> **Material shown**
▼

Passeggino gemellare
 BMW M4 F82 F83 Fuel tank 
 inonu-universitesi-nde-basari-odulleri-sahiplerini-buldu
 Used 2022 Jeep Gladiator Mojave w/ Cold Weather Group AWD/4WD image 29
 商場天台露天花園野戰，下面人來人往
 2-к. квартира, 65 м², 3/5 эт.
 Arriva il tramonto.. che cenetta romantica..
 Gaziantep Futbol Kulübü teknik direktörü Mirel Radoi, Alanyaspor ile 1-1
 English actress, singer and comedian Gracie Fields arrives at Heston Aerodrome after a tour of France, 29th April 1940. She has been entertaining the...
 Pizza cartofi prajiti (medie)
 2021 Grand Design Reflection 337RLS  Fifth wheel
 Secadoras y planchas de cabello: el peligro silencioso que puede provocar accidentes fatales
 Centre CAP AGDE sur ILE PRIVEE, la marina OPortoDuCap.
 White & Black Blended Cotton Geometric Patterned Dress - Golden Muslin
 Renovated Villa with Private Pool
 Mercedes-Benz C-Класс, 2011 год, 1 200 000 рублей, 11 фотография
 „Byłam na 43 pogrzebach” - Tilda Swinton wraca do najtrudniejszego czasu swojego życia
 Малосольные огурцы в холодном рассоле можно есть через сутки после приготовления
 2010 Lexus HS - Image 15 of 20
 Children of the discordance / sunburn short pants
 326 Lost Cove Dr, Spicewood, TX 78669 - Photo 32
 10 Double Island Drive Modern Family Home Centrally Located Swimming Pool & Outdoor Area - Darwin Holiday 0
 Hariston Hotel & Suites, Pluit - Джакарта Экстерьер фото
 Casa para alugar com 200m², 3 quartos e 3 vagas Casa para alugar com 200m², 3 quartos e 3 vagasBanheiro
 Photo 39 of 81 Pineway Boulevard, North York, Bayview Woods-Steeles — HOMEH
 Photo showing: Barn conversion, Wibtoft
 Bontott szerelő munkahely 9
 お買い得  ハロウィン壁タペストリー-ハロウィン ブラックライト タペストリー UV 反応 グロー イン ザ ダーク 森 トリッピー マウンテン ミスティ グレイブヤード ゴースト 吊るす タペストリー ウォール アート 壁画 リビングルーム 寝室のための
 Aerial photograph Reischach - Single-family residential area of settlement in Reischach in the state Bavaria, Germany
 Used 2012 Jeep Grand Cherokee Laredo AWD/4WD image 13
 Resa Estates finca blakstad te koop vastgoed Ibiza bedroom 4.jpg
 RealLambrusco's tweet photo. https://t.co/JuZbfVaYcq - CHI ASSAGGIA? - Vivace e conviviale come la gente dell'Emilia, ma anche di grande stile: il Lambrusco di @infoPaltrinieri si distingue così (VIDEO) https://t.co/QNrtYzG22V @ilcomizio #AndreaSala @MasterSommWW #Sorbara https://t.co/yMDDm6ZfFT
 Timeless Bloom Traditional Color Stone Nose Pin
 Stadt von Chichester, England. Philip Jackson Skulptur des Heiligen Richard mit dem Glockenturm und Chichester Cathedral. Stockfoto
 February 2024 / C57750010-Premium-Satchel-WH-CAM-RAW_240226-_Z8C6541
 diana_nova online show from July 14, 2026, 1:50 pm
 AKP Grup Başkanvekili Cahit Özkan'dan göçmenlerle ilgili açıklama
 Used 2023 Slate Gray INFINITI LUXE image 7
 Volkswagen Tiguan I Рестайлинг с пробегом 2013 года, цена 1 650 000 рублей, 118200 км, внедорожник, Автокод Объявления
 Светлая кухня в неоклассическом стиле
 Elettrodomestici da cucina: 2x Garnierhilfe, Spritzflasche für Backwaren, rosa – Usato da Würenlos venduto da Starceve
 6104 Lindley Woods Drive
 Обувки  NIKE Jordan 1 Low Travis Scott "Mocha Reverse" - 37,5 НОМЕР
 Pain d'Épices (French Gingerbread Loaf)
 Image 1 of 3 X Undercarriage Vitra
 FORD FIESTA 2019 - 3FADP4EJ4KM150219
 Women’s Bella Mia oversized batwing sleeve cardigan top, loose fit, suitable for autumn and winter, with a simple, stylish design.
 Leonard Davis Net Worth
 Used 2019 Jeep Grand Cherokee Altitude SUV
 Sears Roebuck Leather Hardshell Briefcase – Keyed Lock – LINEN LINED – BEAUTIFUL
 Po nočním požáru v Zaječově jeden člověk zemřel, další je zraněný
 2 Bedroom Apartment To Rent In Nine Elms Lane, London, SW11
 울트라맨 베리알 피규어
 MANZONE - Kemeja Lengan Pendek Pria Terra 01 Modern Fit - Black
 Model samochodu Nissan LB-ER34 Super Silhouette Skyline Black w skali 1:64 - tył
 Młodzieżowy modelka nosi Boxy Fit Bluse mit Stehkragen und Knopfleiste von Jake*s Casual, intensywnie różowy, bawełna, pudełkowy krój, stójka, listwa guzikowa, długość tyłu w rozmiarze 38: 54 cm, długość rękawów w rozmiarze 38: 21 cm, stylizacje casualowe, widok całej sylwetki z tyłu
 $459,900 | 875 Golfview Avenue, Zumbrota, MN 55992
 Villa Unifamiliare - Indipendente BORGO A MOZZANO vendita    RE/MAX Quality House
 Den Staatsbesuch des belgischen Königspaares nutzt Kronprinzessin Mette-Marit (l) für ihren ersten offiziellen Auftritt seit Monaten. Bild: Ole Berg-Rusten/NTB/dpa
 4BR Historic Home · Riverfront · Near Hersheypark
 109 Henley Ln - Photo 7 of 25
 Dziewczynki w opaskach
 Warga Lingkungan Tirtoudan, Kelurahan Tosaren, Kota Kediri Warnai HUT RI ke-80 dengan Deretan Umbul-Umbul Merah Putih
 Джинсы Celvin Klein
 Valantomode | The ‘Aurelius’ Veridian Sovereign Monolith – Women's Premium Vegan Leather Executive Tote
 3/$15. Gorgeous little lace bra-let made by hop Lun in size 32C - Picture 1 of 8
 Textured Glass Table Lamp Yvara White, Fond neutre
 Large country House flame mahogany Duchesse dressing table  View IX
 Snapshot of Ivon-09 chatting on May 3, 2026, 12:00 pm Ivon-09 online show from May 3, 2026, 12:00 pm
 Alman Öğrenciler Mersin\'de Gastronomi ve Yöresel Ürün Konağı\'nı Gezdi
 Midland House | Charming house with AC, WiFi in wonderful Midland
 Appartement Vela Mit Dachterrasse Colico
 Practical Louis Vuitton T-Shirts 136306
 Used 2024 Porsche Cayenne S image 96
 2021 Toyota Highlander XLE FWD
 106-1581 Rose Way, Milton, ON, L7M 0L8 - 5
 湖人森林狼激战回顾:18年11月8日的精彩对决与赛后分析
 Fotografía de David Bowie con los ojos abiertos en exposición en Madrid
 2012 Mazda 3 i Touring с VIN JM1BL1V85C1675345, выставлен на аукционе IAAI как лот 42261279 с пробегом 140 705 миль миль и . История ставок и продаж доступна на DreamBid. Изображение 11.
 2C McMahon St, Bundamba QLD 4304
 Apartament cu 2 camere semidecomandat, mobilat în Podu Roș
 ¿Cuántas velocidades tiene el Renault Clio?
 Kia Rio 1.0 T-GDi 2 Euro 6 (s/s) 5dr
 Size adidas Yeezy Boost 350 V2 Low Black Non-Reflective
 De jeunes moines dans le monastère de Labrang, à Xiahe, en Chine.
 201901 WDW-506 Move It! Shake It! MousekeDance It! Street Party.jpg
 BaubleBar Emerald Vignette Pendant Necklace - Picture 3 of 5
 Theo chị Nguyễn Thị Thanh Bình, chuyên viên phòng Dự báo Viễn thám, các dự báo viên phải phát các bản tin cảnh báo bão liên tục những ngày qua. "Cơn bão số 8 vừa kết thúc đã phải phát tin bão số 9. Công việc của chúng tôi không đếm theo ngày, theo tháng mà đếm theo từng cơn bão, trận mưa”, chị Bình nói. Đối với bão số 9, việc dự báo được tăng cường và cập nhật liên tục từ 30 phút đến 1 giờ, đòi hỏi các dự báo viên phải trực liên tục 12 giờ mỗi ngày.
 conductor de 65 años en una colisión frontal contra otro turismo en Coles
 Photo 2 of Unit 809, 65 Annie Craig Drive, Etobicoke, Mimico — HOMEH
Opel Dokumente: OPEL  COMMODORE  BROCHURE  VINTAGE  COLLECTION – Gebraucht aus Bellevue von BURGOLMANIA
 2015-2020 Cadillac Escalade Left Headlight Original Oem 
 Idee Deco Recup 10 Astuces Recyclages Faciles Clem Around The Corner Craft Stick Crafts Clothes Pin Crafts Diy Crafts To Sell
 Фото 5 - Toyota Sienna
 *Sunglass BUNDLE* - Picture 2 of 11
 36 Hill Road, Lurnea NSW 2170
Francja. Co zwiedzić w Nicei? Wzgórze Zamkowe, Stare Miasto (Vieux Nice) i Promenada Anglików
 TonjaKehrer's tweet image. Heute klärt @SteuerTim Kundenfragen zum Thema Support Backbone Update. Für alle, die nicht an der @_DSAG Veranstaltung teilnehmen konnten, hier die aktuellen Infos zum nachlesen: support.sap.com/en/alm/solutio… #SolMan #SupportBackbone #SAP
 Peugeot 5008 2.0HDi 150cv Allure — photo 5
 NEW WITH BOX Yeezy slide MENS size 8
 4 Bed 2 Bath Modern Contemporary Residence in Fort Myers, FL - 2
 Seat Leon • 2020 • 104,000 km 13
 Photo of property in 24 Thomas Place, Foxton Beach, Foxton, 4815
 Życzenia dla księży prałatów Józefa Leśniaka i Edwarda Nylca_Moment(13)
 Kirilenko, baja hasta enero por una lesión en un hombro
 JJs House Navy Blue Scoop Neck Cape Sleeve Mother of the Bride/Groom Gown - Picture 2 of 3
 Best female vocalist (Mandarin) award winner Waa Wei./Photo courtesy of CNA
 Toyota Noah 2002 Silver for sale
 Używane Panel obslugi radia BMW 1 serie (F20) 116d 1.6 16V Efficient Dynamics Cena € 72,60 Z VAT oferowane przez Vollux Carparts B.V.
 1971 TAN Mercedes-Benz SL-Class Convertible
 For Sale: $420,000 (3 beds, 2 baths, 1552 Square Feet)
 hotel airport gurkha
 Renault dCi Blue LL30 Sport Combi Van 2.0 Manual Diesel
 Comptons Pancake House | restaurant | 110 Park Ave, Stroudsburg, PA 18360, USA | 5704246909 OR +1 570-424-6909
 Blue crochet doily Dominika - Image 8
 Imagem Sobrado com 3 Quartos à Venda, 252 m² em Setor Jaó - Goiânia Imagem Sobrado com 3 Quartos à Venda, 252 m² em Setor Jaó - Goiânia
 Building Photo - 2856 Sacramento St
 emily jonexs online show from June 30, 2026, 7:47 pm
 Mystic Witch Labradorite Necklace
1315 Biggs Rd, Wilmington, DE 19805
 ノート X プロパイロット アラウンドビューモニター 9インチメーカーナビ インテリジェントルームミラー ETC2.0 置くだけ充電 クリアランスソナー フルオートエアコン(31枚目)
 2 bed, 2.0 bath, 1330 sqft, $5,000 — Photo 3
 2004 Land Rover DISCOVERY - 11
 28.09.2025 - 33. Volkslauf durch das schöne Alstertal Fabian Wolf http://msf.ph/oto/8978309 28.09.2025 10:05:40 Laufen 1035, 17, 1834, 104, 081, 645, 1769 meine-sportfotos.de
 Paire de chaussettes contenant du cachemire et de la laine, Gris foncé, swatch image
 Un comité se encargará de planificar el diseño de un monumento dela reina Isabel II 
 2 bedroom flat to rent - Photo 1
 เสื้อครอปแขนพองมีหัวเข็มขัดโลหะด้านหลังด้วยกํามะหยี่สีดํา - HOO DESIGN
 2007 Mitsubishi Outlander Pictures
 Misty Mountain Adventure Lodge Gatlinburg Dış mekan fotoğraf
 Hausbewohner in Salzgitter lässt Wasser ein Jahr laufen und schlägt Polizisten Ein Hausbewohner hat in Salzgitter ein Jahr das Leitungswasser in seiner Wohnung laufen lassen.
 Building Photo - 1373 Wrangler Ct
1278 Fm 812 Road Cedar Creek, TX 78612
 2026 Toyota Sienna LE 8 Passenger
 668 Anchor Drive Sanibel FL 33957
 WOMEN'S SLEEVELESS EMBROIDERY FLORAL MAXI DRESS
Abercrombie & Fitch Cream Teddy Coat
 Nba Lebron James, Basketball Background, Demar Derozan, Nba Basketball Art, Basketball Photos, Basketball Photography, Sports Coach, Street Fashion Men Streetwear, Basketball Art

▲

> **Exercise details**
All that is wanted is the stretch of lines above from the one containing "4BR Historic Home" through the one containing "湖人森林狼激战回顾:18年11月8日的精彩对决与赛后分析", duplicated exactly.

> **Worked solution**
 4BR Historic Home · Riverfront · Near Hersheypark
 109 Henley Ln - Photo 7 of 25
 Dziewczynki w opaskach
 Warga Lingkungan Tirtoudan, Kelurahan Tosaren, Kota Kediri Warnai HUT RI ke-80 dengan Deretan Umbul-Umbul Merah Putih
 Джинсы Celvin Klein
 Valantomode | The ‘Aurelius’ Veridian Sovereign Monolith – Women's Premium Vegan Leather Executive Tote
 3/$15. Gorgeous little lace bra-let made by hop Lun in size 32C - Picture 1 of 8
 Textured Glass Table Lamp Yvara White, Fond neutre
 Large country House flame mahogany Duchesse dressing table  View IX
 Snapshot of Ivon-09 chatting on May 3, 2026, 12:00 pm Ivon-09 online show from May 3, 2026, 12:00 pm
 Alman Öğrenciler Mersin\'de Gastronomi ve Yöresel Ürün Konağı\'nı Gezdi
 Midland House | Charming house with AC, WiFi in wonderful Midland
 Appartement Vela Mit Dachterrasse Colico
 Practical Louis Vuitton T-Shirts 136306
 Used 2024 Porsche Cayenne S image 96
 2021 Toyota Highlander XLE FWD
 106-1581 Rose Way, Milton, ON, L7M 0L8 - 5
 湖人森林狼激战回顾:18年11月8日的精彩对决与赛后分析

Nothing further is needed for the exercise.